Input material:

+ + +

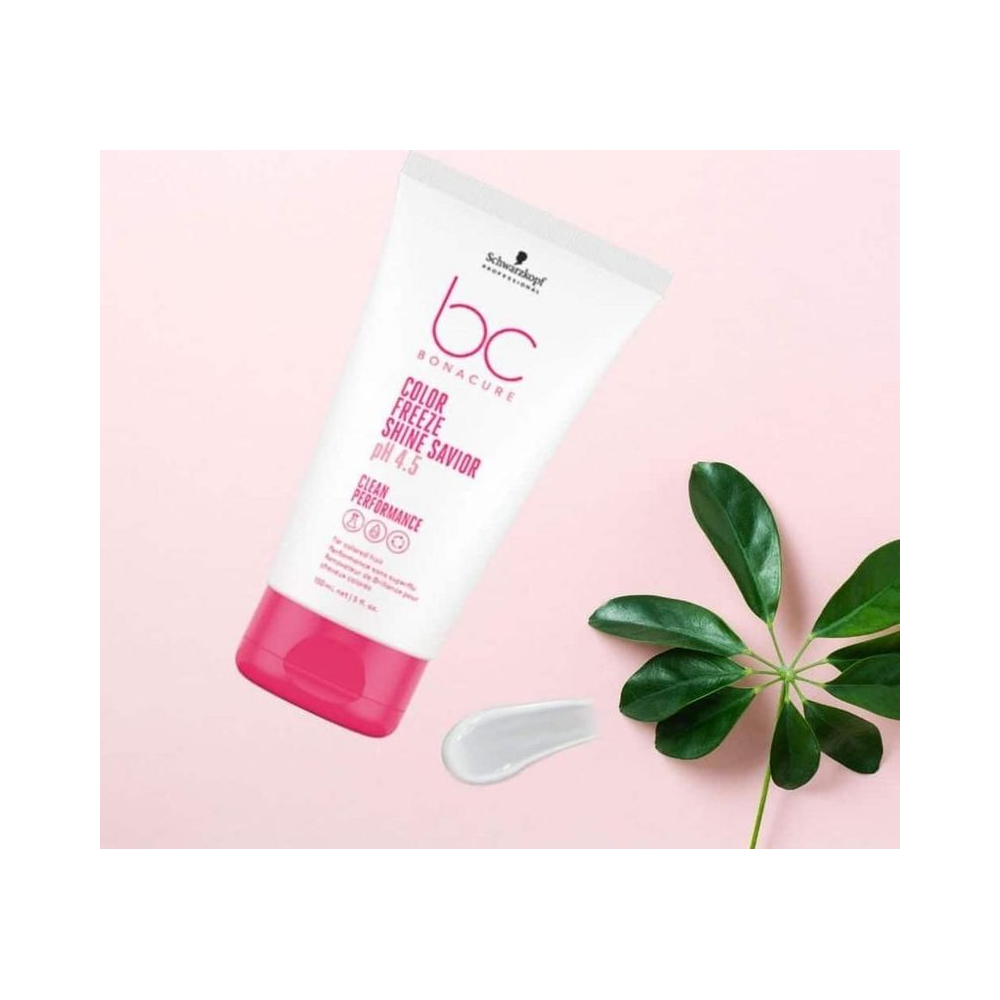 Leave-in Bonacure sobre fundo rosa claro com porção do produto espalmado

+ + +

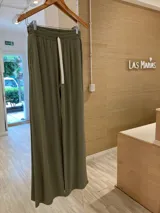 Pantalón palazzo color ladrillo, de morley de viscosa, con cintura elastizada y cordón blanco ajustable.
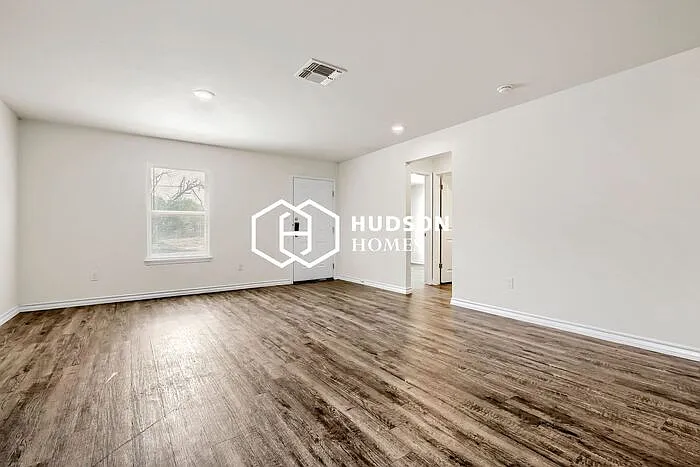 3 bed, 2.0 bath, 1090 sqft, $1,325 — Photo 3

+ + +

Your task: When you reach the line that has "Pantalón palazzo color" in the data above, start repeating lines exactly, and stop after the line that has "3 bed, 2.0 bath, 1090 sqft, $1,325 — Photo 3"; pictures stay out.

Expected output:
 Pantalón palazzo color ladrillo, de morley de viscosa, con cintura elastizada y cordón blanco ajustable.
 3 bed, 2.0 bath, 1090 sqft, $1,325 — Photo 3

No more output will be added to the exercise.